Le dolía el corazón. Amaba a su jefe y sabía que no lo dejaría plantado porque le gustaba trabajar con él y porque necesitaba el empleo, y porque era lo que sabía hacer mejor, como hacía bien ejercer de «amiga», dando consejos sentimentales a los demás.


Pero había llegado a la conclusión de que en el fondo no sabía nada de las relaciones y que debía dimitir de ese puesto entre sus amigos. 


Los abandonaría a su suerte porque ella no estaba cualificada para asesorarlos.


Dio los últimos pasos y vio a Pedro en el mirador, apoyado en la barandilla con el rostro vuelto hacia el paisaje. Al oír pisadas, se volvió hacia ella. Tenía una mano en el bolsillo y el cuello de la camisa torcido, así como una expresión entre concentrada y angustiada.


—No estaba seguro de que fueras a venir —dijo con voz aterciopelada.


—Has dicho que querías hablar de un proyecto —dijo ella, intentado frenar su acelerado corazón.


—En cierto sentido, así es. ¿Estabas haciendo algo cuando te he llamado? —preguntó él, estudiando su rostro.


Paula se pasó las manos, nerviosa, por los muslos.


—Estaba pintando. Ojalá pudiera captar una belleza como ésta —dijo, señalando la vista.

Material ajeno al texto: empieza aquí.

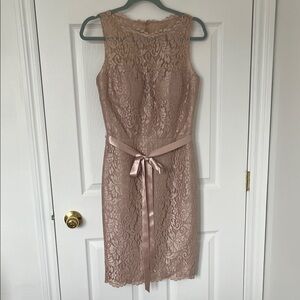 Elegant Lace Sleeveless Dress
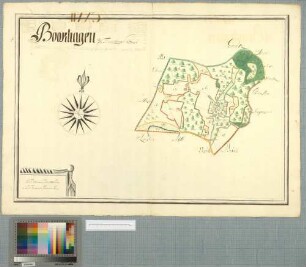[Bockhagen Amt/Distrikt Franzburg] Bookhagen in Ampt Fransborg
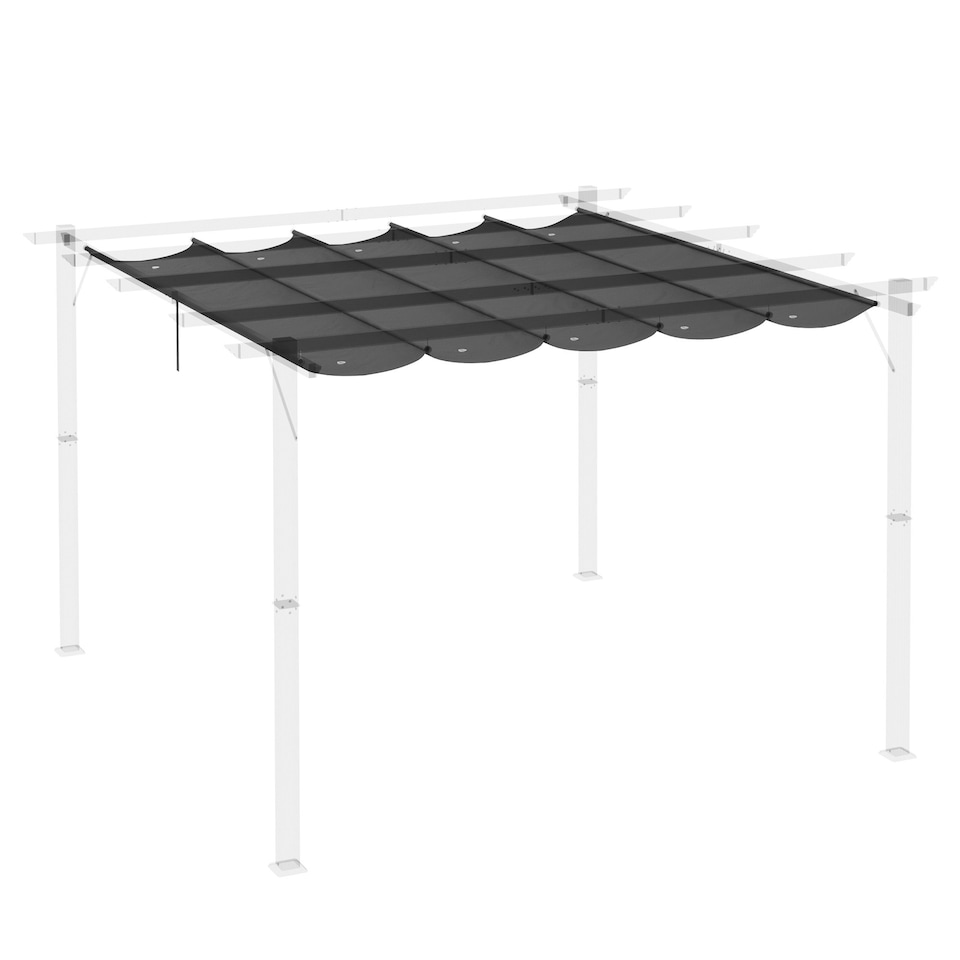 image 1 of Outsunny Pergola Shade Cover Replacement Canopy for 3 x 3(m) Pergola, Beige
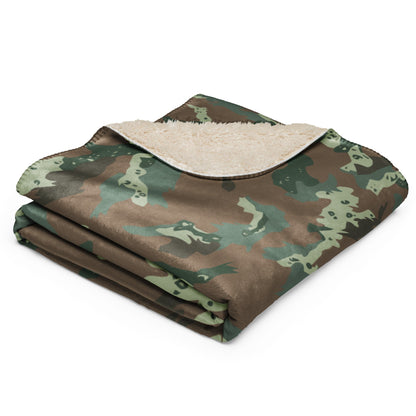 South African Chocolate Chip Soldier 2000 CAMO Sherpa Blanket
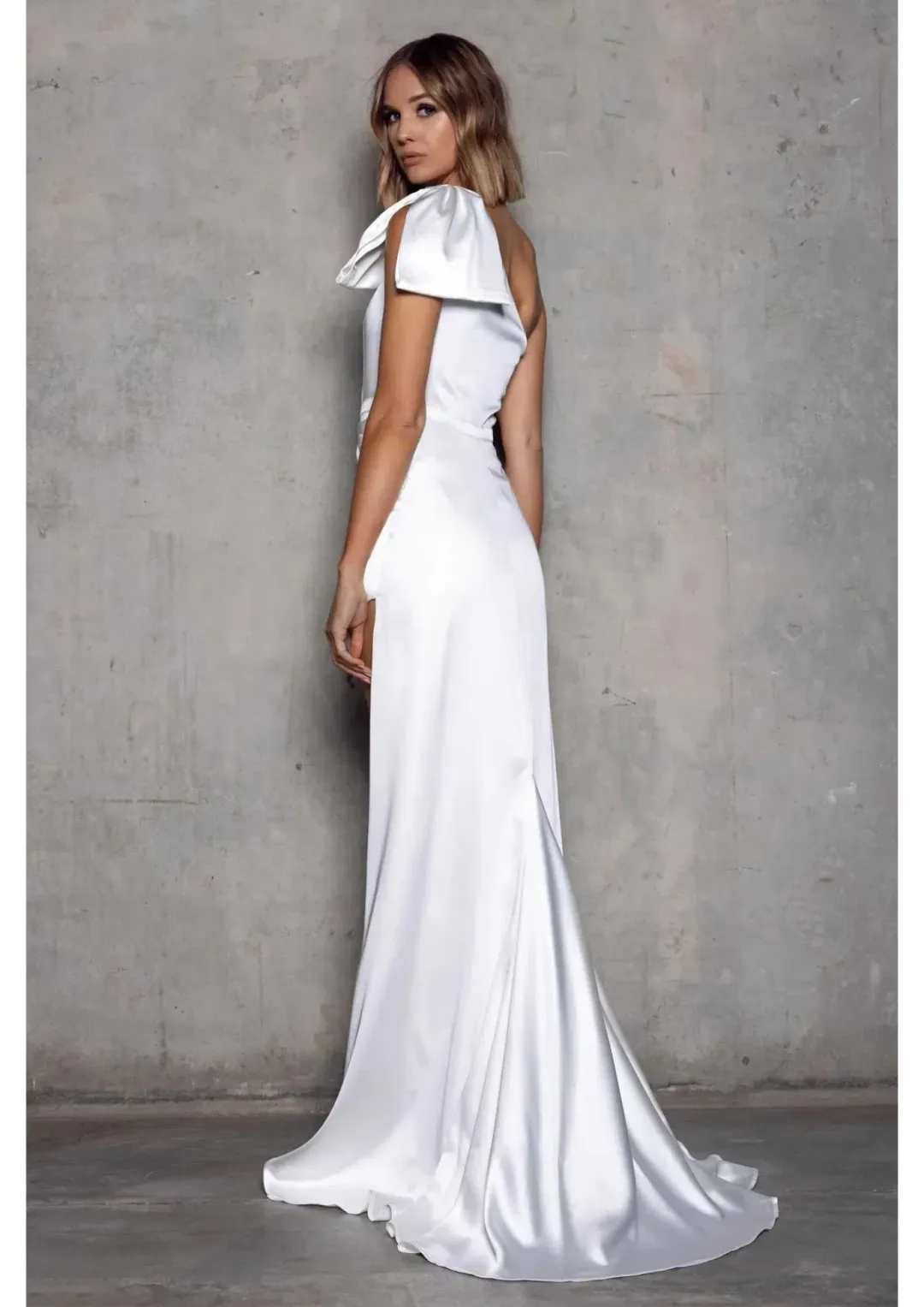 Elle Zeitoune Lola Gown White Size AU 14  for rent on The Volte - main image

—Por eso he elegido este lugar. Sabía que a esta hora del día el colorido haría juego con tus ojos y sería tan hermoso como tú, y que habría paz y tranquilidad; la misma que tú me haces sentir en mi interior —Pedro calló bruscamente como si no supiera qué quería decir.


Sus palabras emocionaron a Paula, que se quedó muda.


Un instante después, Pedro carraspeó.


—¿Qué estabas dibujando?


—Nada concreto. Intentaba plasmar mis emociones en un lienzo —para liberarlas. Y lo que Pedro acababa de decirle había hecho que emergieran de nuevo. Con voz temblorosa, añadió—: ¿Por qué me has pedido que viniera, Pedro?


¿Y por qué allí y no a cualquier otro sitio? Había mencionado los colores y otras cosas que no tenían nada que ver con el trabajo.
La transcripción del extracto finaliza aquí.